The company will develop the fields with a steam drive in Amal West and cyclic steam injection in Amal East. Its development plan calls for drilling 300 new wells during a 14-year period with facilities completed by yearend 2012.

Petroleum Development Oman plans for the Marmul polymer injection project to add 10,000 bo/d of additional production during the coming years. The project involves building a 110,000 cu m/day of centralized water treatment and 17,500 cu m/day polymer preparation and injection facility. Project start-up is planned for 2010 (Fig. 1; photo from PDO Feb. 15, 2010, media briefing).

PDO in 2010 also will commission the Marmul polymer injection project (Fig. 1) and is continuing work on the Qarn Alam steam-injection project. The company expects Qarn Alam to be operation in 2011 and produce 40,000 bo/d from a carbonate reservoir.

Also in Oman, Occidental Petroleum Corp. continues with the expansion of the Mukhaizna steamflood.

Abu Dhabi Co. for Onshore Operations started a CO2-EOR in its Northeast Bab's Rumaitha field. In a presentation, ADCO said that the project is the first CO2-EOR pilot in the Middle East. The company also has plans for more CO2-EOR pilots in several major reservoirs.

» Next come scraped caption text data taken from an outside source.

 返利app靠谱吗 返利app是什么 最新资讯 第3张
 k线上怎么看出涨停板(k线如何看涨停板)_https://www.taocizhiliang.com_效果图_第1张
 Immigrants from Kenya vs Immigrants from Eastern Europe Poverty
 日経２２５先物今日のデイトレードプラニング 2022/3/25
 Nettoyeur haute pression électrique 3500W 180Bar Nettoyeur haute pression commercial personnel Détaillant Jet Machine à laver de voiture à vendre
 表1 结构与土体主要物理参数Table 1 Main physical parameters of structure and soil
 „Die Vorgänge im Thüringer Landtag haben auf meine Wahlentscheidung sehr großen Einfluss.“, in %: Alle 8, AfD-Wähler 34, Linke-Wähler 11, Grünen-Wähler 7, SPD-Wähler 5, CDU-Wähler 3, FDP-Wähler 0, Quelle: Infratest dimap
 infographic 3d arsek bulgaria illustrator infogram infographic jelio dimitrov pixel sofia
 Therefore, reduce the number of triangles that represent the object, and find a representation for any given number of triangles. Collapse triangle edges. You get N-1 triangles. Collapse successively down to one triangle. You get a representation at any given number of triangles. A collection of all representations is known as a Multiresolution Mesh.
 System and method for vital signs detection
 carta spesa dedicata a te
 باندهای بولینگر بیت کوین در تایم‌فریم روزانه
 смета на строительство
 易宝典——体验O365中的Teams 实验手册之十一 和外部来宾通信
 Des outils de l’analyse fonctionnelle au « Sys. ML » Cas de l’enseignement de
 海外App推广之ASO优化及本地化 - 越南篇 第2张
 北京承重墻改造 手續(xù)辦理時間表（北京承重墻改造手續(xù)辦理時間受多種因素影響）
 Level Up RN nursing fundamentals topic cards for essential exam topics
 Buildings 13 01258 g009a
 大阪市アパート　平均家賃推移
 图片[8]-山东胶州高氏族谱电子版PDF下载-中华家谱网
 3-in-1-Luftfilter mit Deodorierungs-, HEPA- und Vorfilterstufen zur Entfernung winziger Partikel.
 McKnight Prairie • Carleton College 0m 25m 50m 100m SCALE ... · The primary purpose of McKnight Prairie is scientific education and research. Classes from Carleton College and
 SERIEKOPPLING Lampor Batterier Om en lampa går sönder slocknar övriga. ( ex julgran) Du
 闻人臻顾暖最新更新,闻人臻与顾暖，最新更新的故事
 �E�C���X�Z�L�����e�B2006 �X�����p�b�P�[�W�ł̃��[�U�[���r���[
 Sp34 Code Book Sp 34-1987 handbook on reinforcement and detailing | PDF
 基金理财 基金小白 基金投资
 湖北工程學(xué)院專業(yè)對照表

SBI Energy in its April 2010 EOR Worldwide report notes that Saudi Aramco plans a CO2-EOR demonstration project in Ghawar, with the project starting in 2013.

In Colombia, Pacific Rubiales Energy Corp. plans to initiate a pilot of its synchronized thermal additional recovery process (Fig. 2) in the heavy oil Rubailes field. In a recent presentation, PRE said the field contains 4.2 billion bbl of original oil place and that its EOR could increase the recovery from the field by 10-40%. The field under primary production currently produces about 113,000 b/d and PRE expects to produce 170,000 b/d by yearend 2010.